Isaac was a wealthy dude and apparently, he built his wealth over time.
“As a result, Jacob became very wealthy, with large flocks of sheep and goats, female and male servants, and many camels and donkeys.”
Jacob was a wealthy dude. Runs in the family, but Jacob didn’t get rich off Daddy’s money. In fact, Jacob hadn’t even seen his dad in many years when the Bible says he became wealthy.
David was wealthy. Extremely.
1 Chronicles 22:14
“Indeed I have taken much trouble to prepare for the house of the Lord one hundred thousand talents of gold and one million talents of silver, and bronze and iron beyond measure, for it is so abundant. I have prepared timber and stone also, and you may add to them.”
In perspective, that’s 3,300 tons of gold, and 33,000 tons of silver. By comparison, the United States has 6,500 tons of gold at Fort Knox. By today’s standards, David had about $137 billion in gold, and almost $15 billion in silver. Not bad for the guy after God’s own heart.
I love this one. It dispels all the negative wealth myths.
1 Kings 3:12-13
“Behold, I (God) have done according to thy words: lo, I have given thee a wise and an understanding heart; so that there was none like thee before thee, neither after thee shall any arise like unto thee.
And I have also given thee that which thou hast not asked, both riches, and honour: so that there shall not be any among the kings like unto thee all thy days.”
In this verse, it is God that decided to make Solomon rich. And everyone said, “Whaaaaat?” Seriously, this should put the discussion totally to rest. Wealth is not bad. Having wealth is not bad. It’s what you do with it and how you live your life that matters.
Don’t believe me?
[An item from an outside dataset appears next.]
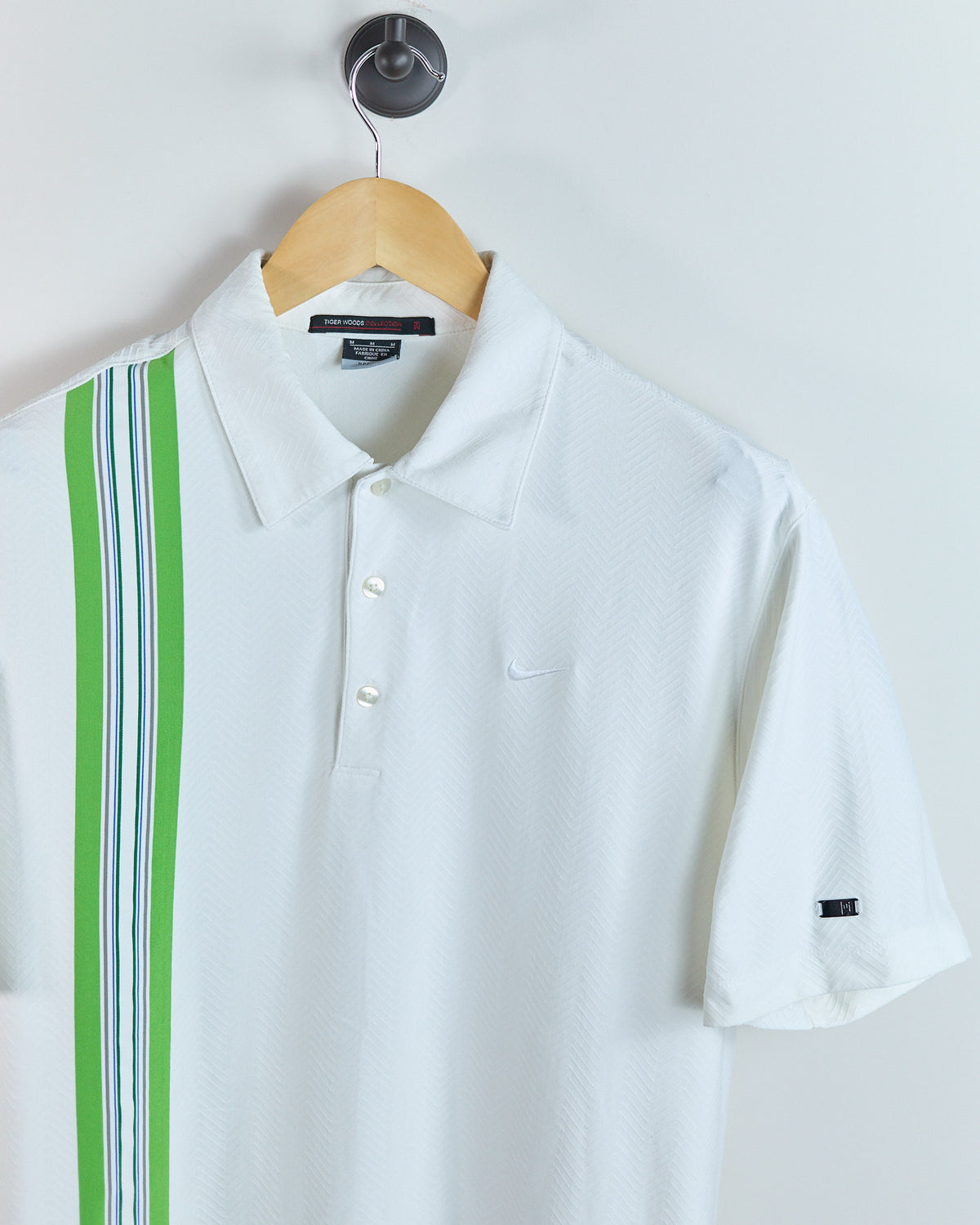 90s to early 00s Nike Golf Tiger Woods White/Green Stripe Polo (M)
Well take a look at Jesus’ usage of money as he talked about servants and talents in Matthew 25:14-30. Why would Jesus use an example of rewarding someone who managed money well and multiplied it while punishing someone who mismanaged their money and punished them? It really makes you think.
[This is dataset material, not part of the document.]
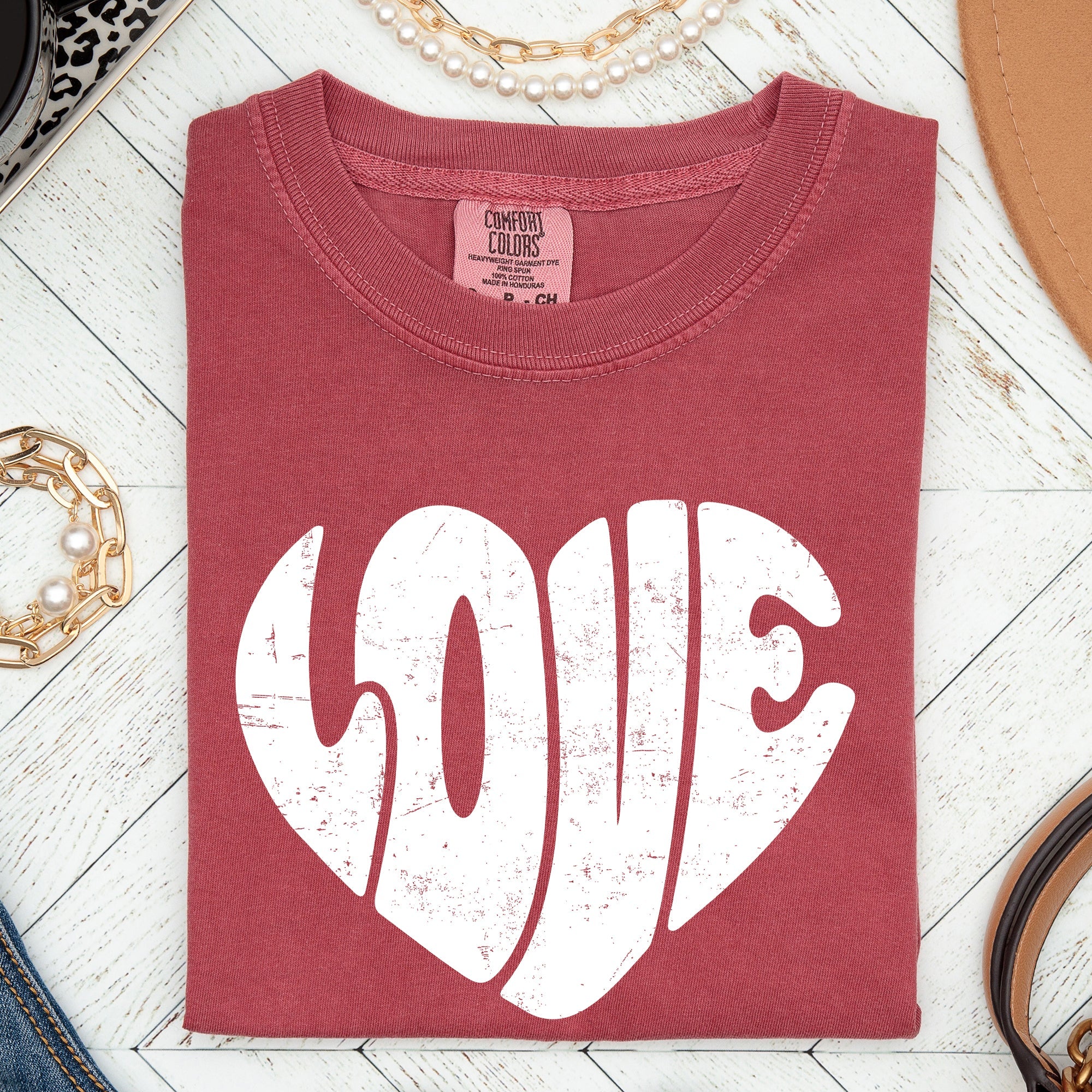 Retro Love Heart Vintage Valentine Edition Ultra Soft Everyday Wear Comfort Colors Tee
So here’s some food for thought to all my friends in the Christian circles. What is wealth for? That answer is simple. Enjoy life. Help others. Serve God. Money isn’t evil. Wealth isn’t evil. In fact, an argument could be made that if you don’t build wealth, you’re probably not stewarding your life or your resources properly. How so? Well, wealth is a natural byproduct of hard work, knowledge and wisdom. If you don’t end up wealthy during your lifetime, it’s may just be because you didn’t steward your resources and life as well as you should have. Just maybe.